▶ **WHAT TO PRODUCE**
Could you retype the whole listing word for word and drop the images?

▶ **DATA BELOW**
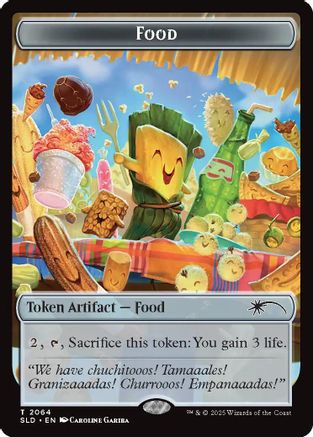 Food Token (2064) (SLD-2064) - [Secret Lair Drop Series] - Trinity Hobby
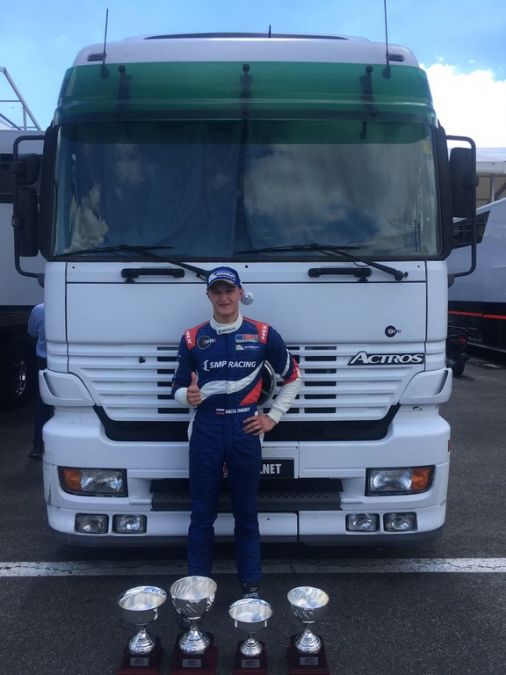 Никита Троицкий завоевал два подиума на этапе Euroformula Open - фото 1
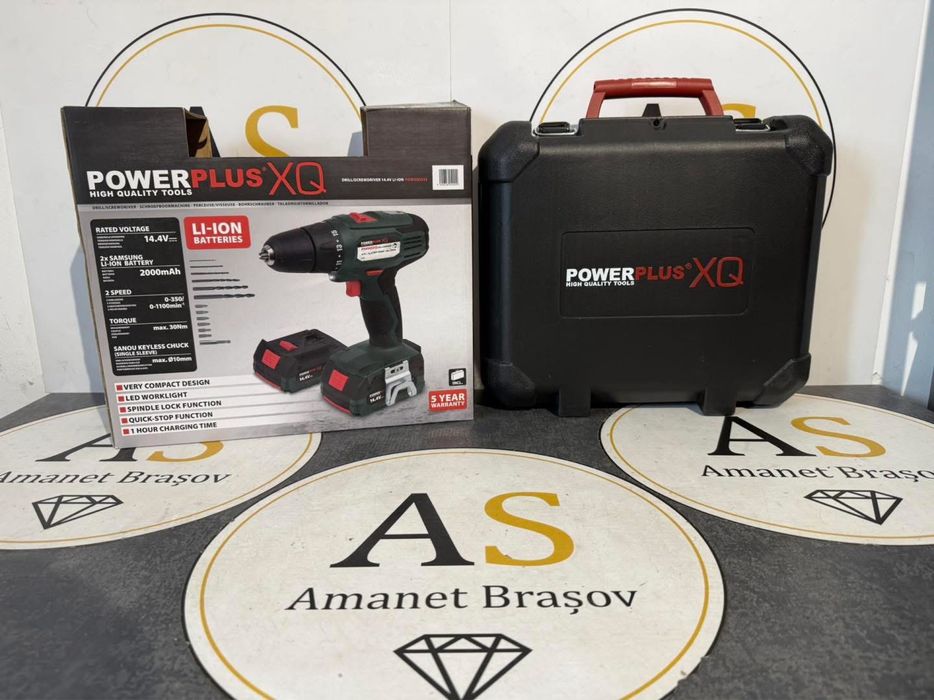 Autofiletanta PowerPlus 14.4V 2Ah Li-ion Noua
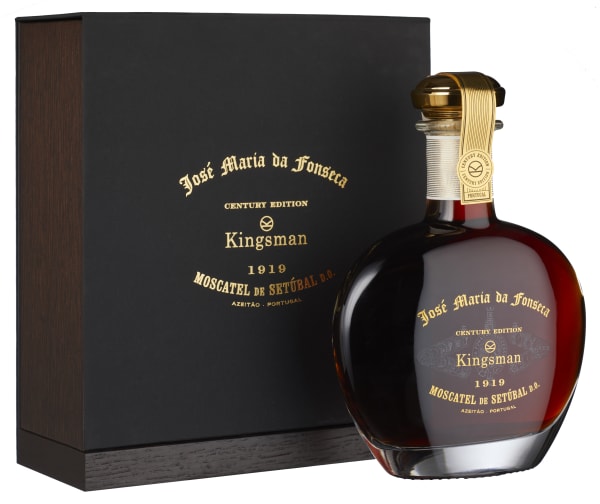 Rượu vang trằng Jose Maria Da Fonseca Century Edition Kingsman Moscatel de Setubal (500ML) 1919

▶ **ANSWER TO THIS TASK**
 Food Token (2064) (SLD-2064) - [Secret Lair Drop Series] - Trinity Hobby
 Никита Троицкий завоевал два подиума на этапе Euroformula Open - фото 1
 Autofiletanta PowerPlus 14.4V 2Ah Li-ion Noua
 Rượu vang trằng Jose Maria Da Fonseca Century Edition Kingsman Moscatel de Setubal (500ML) 1919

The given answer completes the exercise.